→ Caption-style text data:
============================================================

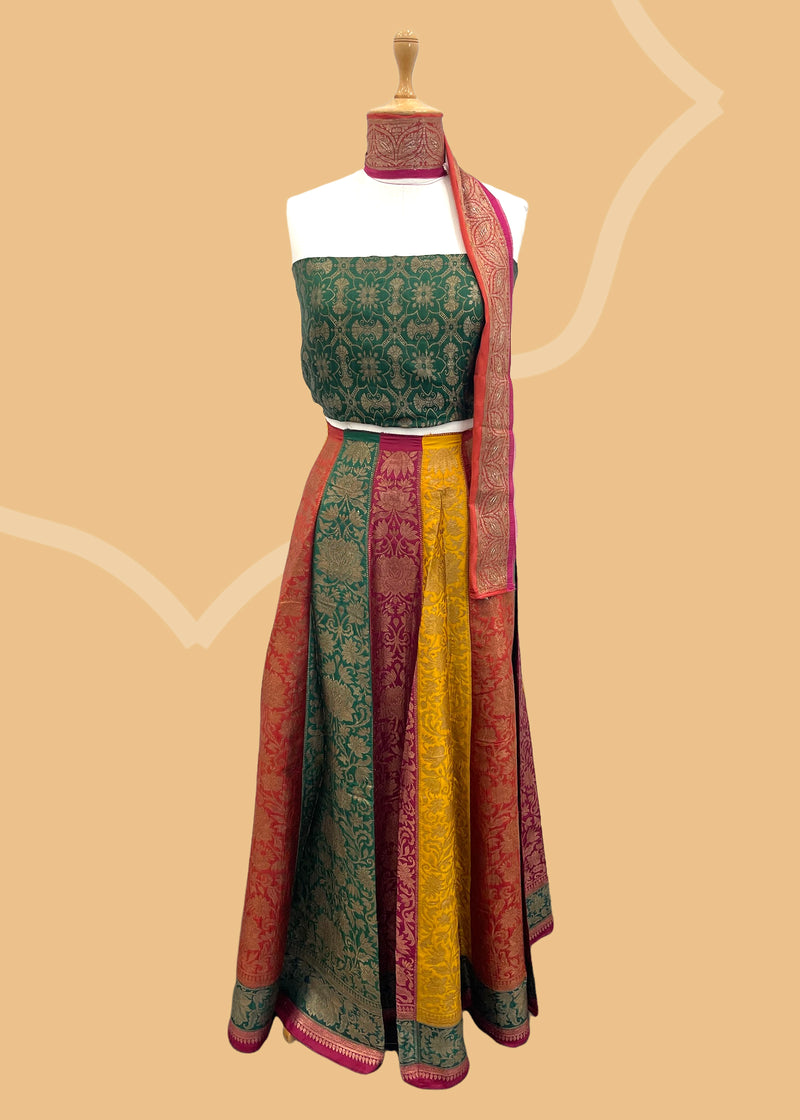 Multicolour pure silk banarasi lehenga by Roliana Weaves. Shop the best of Pure Benarasi sarees and lehengas at Roliana New Delhi.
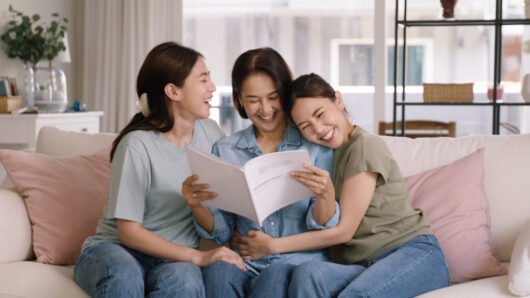 Buy mediclaim health care life insure for older mum. Young adult woman asia people grown up child give gift to middle aged mom reading protect cover saving plan paper smile laugh sitting at sofa home. Buy mediclaim health care life insure for older mum. Young adult woman asia people grown up child give gift to middle aged mom reading protect cover saving plan paper smile laugh sitting at sofa home.
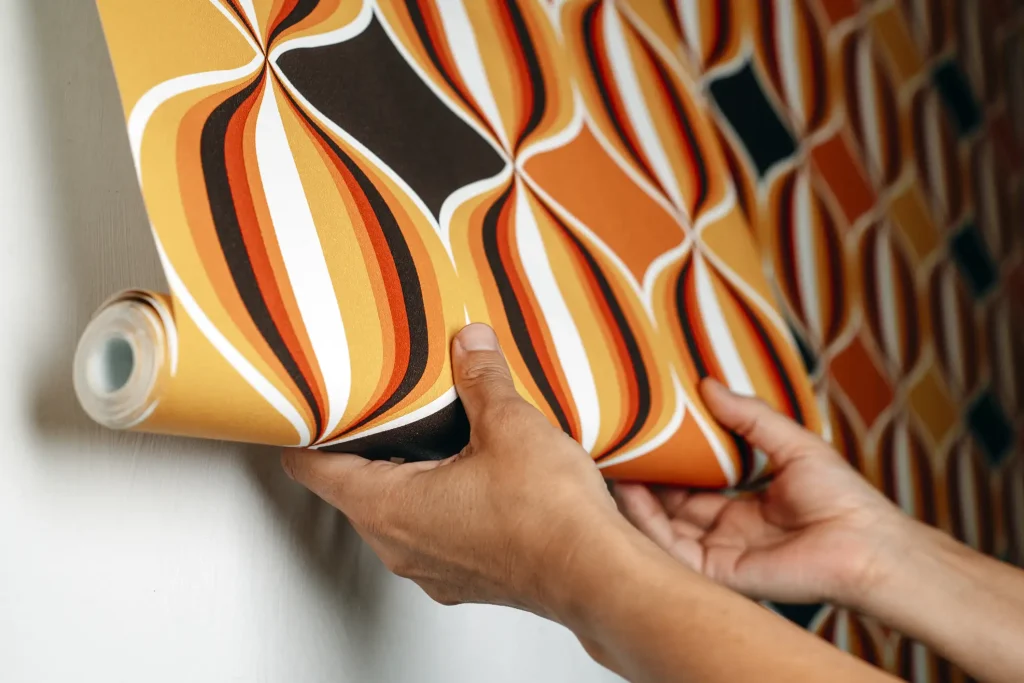Eine Nahaufnahme zeigt eine Person, die eine bunte Mustertapete mit Retro-Design in Orange-, Gelb-, Braun- und Weißtönen an eine Wand anbringt.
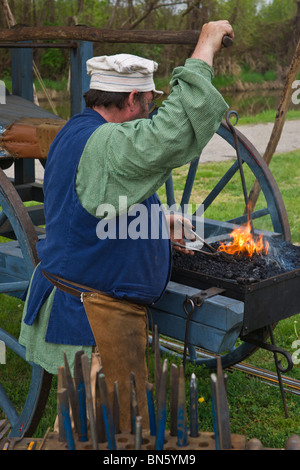 Tulip time festival Dutch Holland Michigan in USA  US XVIII century Dutch blacksmith dressed in traditional costume at work during trade fair hi-res Stock Photo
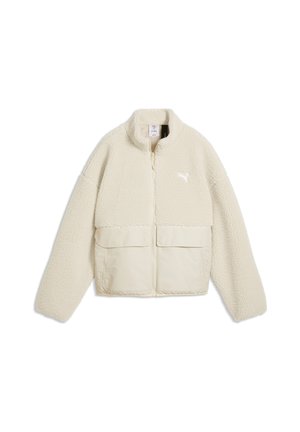 Cream-colored zip-up fleece jacket with textured upper half, smooth lower pockets, and a small animal logo on the chest.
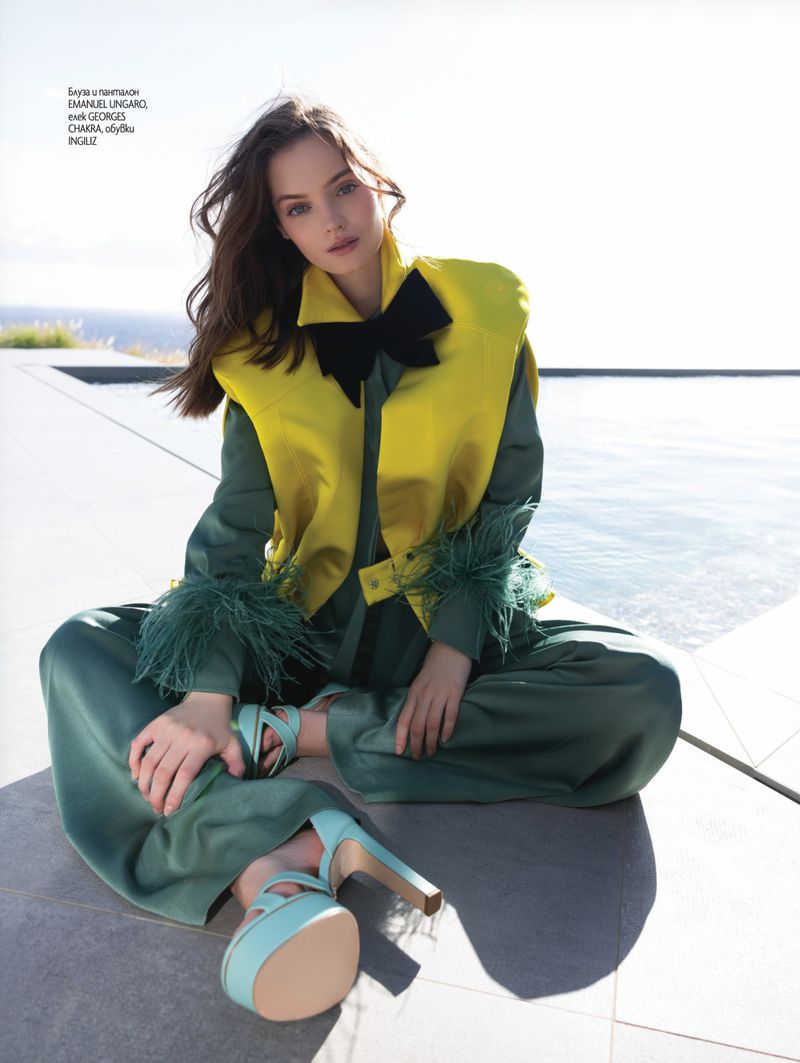 Fashion model seated outdoors by a pool in a green silk suit, bright yellow vest with black bow, and mint green platform heels.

============================================================

→ What the task requires: Your copy of the records above should be exact and contain no pictures.

→ Response:
 Multicolour pure silk banarasi lehenga by Roliana Weaves. Shop the best of Pure Benarasi sarees and lehengas at Roliana New Delhi.
 Buy mediclaim health care life insure for older mum. Young adult woman asia people grown up child give gift to middle aged mom reading protect cover saving plan paper smile laugh sitting at sofa home. Buy mediclaim health care life insure for older mum. Young adult woman asia people grown up child give gift to middle aged mom reading protect cover saving plan paper smile laugh sitting at sofa home.
Eine Nahaufnahme zeigt eine Person, die eine bunte Mustertapete mit Retro-Design in Orange-, Gelb-, Braun- und Weißtönen an eine Wand anbringt.
 Tulip time festival Dutch Holland Michigan in USA  US XVIII century Dutch blacksmith dressed in traditional costume at work during trade fair hi-res Stock Photo
 Cream-colored zip-up fleece jacket with textured upper half, smooth lower pockets, and a small animal logo on the chest.
 Fashion model seated outdoors by a pool in a green silk suit, bright yellow vest with black bow, and mint green platform heels.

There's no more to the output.